We also verified whether there is a dependence between the valence and arousal values, where a negative dependence was shown. This means that the more negative the valence, the higher the arousal. Based on further analyses, this trend was generally confirmed, which shows that negative emotions were felt more intensely than positive ones. However, we further examined the data separately for each emotion, wherein the case of the emotion, joy, an opposite trend emerged. It turned out that the more the movie section was taken positively, the higher the intensity of the emotional feeling was. These conclusions were drawn on the basis of all data together, i.e. regardless of whether the measurements were obtained by the VR or LCD method.

We rejected hypotheses H1 and H2. Based on hypothesis H3, we verified whether there is a difference between the intensity of feeling negative and positive emotions. The results of our analysis show that there is a statistically significant difference, with negative emotions being felt more intensely than positive ones.

All participants during the implementation of the experiment were students of the Department of Informatics (with the focus of the Applied Informatics). We used Virtual reality for specific tasks (topics) during the teaching process (in our case): for example, technical repair of computer (change of hardware components). However, due to lack of funding, it is not always possible to use VR for every student during the teaching process. We wanted to use experiments to verify how VR affects the emotional state of students.
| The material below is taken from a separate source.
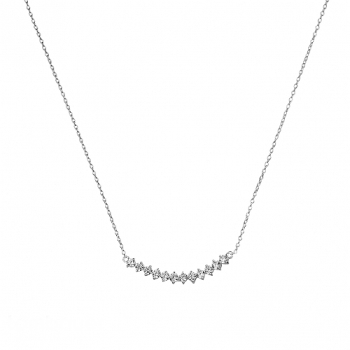 Collier Kette mit Anhänger 12 Zirkonia Silber 925 45cm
We found that depending on the input conditions, it is possible to achieve approximately the same results for the curved type of monitor as for the VR.

In further research, we can start from the obtained results of arousal values, which speak of the intensity of the emotion experienced. When using other sensors that will record different physiological characteristics (GSR, HR, Temperature, EEG) of the respondent while experiencing a given emotion, it is necessary to select movie sections focussing on sensations that evoke the most pronounced emotion, the ones that generate the greatest arousal. The reason is that the given emotion can affect the physiological manifestations only very slightly, and therefore the evoked stimuli must achieve the strongest possible emotion.